La gran extensión de las provincias andaluzas y su importancia desde el punto de vista del tráfico ha requerido que los desplazamientos a aquella región por parte de efectivos del Servicio de Helicópteros hayan sido continuos desde su propia creación.
A pesar de la multitud de requerimientos, la escasez de medios disponibles no propició el asentamiento de la patrulla con carácter fijo hasta el año 1971, en que se adquiere otro Alouette II y cuatro Bell 47 G-2A, creándose a partir del verano de este año la Patrulla Andaluza. Su base se ubicó en el Aeroclub de Sevilla, instalado en el Aeródromo de Tablada, cercano a la capital hispalense.Los primeros pilotos de esta Patrulla fueron José Pasquín, Rafael Martín y Jiménez-Carlés (Capitán de la Policía Armada). El mecánico fue Diego Barrientos.

Se prestaba cobertura a las provincias de Huelva, Sevilla, Málaga, Cádiz y parte de la Ruta de la Plata de Badajoz, hasta el pueblo onubense de Santa Olalla.

Al cabo de tres años de compartir las instalaciones civiles, se desplazaron a la Base Militar de El Copero, próxima a la localidad de Dos Hermanas y con una mejor conexión con la Jefatura Provincial de Tráfico. Sin embargo, tras los sucesos acaecidos en el otoño de 1975 en el Sahara Español que culminaron con la Marcha Verde hacia el territorio saharaui y la posterior retirada española de aquellos territorios, las unidades de helicópteros de las FAMET fueron basadas precisamente en El Copero (actualmente se mantiene el Batallón de Helicópteros IV dotado con Super Puma).
La falta de espacio obligó a la Patrulla de Tráfico a mudar los enseres nuevamente. Otra vez el destino elegido fue el Aeródromo de Tablada, donde permanecieron hasta que la decisión del Cuartel General del Aire de cerrar el mismo, unido a los problemas de dotación de personal a la Patrulla, trajo como consecuencia el cese de sus operaciones hasta el año 1992.La precariedad de medios era la nota predominante en la Patrulla. Como anécdota, señalar que Diego (el mecánico) realizaba labores de fotógrafo en los vuelos, revelando los negativos en un rústico laboratorio instalado en su domicilio.

 

Los integrantes de la primera Patrulla Sevillana: José Pasquín, Rafael Martín y Diego Barrientos.

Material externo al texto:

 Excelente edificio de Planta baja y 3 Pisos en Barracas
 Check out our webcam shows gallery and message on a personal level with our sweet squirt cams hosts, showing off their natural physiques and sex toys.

La Patrulla participó en eventos de resonancia nacional. El 21 de julio de 1972, se produce en la localidad sevillana de Lebrija un accidente ferroviario en el que colisionan dos trenes con un balance final de 80 muertos y más de 120 heridos. El helicóptero participó activamente en el traslado de los heridos más graves durante horas.

En marzo de 1973, se produjo la espectacular persecución de Eleuterio Sánchez (el Lute) y sus hermanos Manuel y Raimundo, quienes finalmente consiguieron despistar a sus perseguidores en un pinar de Alcalá de Guadaira, donde era prácticamente imposible descender con el helicóptero. Finalmente, “el Lute” sería detenido en Sevilla el 2 de junio.

La actividad de la base andaluza se suspendió entre 1980 y 1992 por razones de indisponibilidad de personal.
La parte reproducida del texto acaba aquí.